Dataset excerpts:
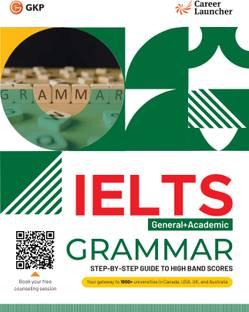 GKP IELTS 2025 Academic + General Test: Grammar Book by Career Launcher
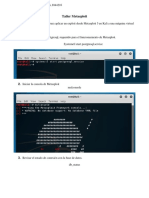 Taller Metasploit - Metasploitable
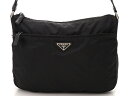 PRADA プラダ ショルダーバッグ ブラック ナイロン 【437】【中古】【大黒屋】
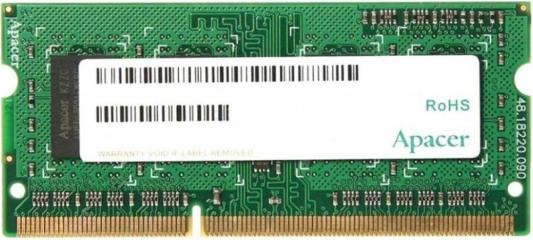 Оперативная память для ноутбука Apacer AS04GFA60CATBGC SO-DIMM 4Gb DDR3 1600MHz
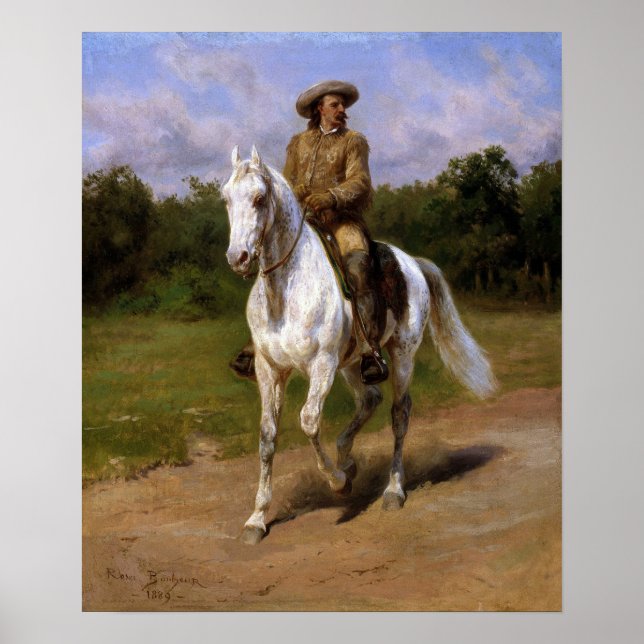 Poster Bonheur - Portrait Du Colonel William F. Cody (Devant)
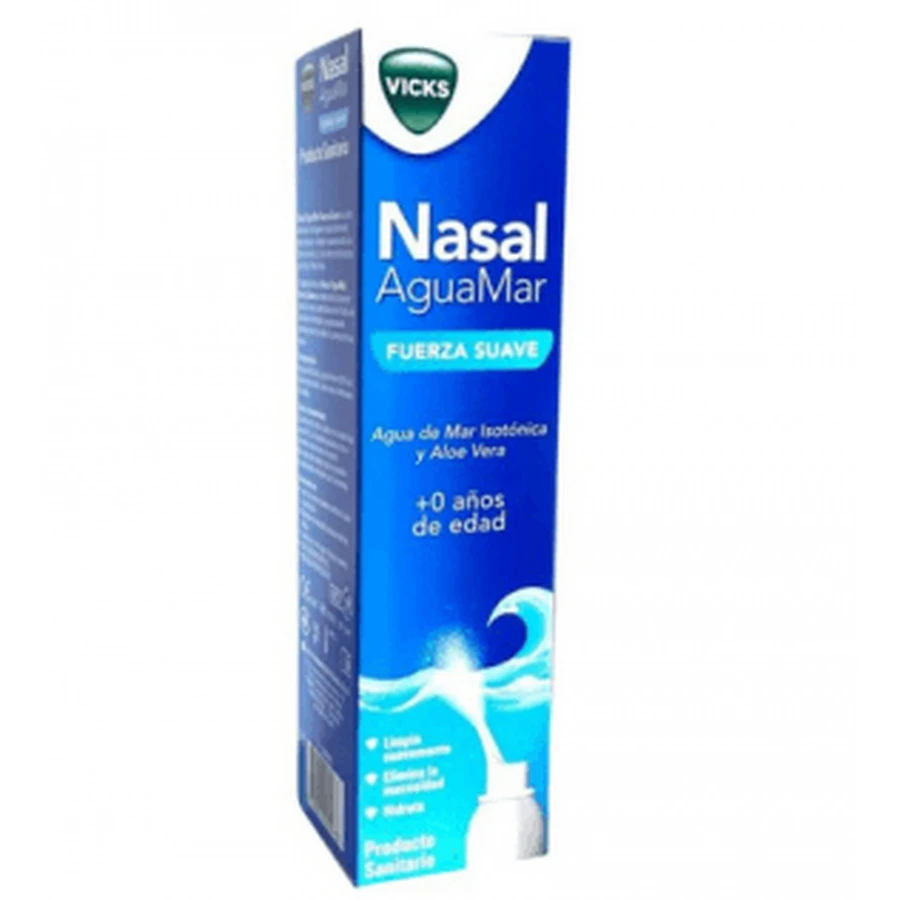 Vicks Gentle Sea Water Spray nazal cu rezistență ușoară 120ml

==

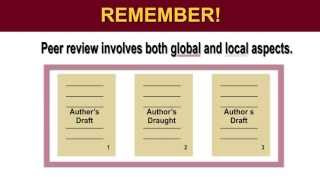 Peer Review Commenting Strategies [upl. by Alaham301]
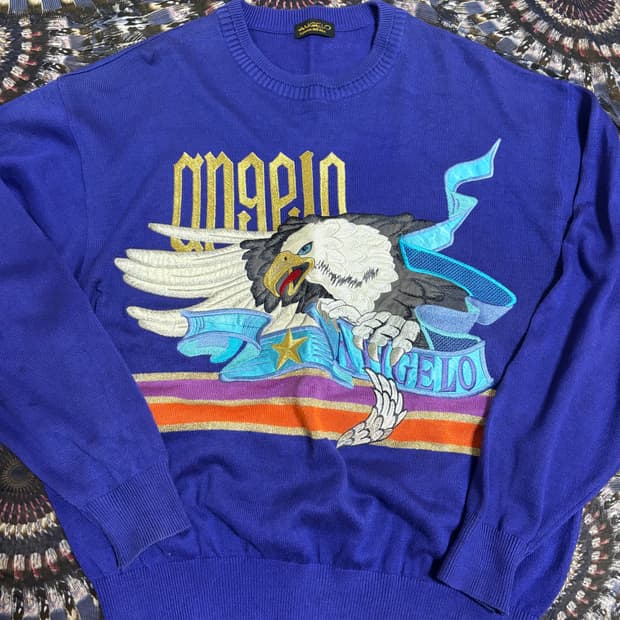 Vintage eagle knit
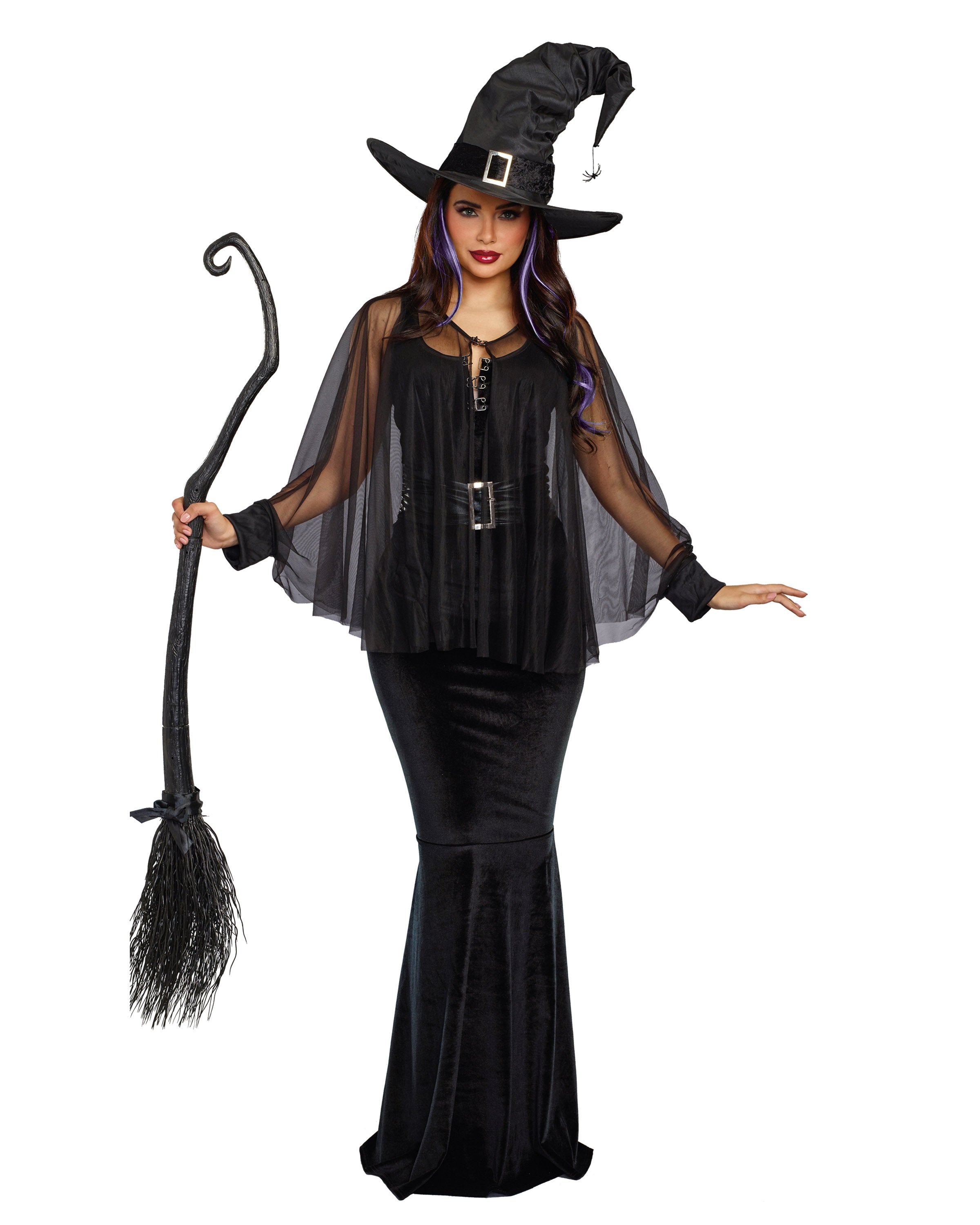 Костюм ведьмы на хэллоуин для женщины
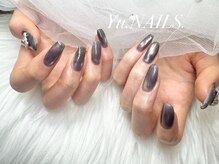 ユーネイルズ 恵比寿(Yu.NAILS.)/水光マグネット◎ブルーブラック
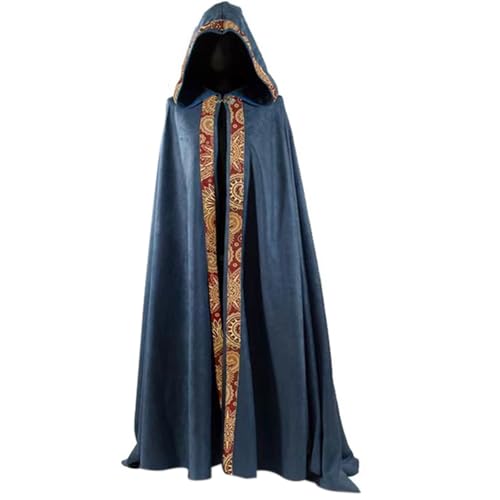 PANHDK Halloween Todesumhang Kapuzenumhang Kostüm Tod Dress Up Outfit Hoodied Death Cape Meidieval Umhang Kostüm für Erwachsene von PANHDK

__Prompt__: With pictures excluded, reproduce exactly the lines above from the one containing "Vintage eagle knit" down to the one containing "PANHDK Halloween Todesumhang", those two included.

__Exercise solution__:
 Vintage eagle knit
 Костюм ведьмы на хэллоуин для женщины
 ユーネイルズ 恵比寿(Yu.NAILS.)/水光マグネット◎ブルーブラック
 PANHDK Halloween Todesumhang Kapuzenumhang Kostüm Tod Dress Up Outfit Hoodied Death Cape Meidieval Umhang Kostüm für Erwachsene von PANHDK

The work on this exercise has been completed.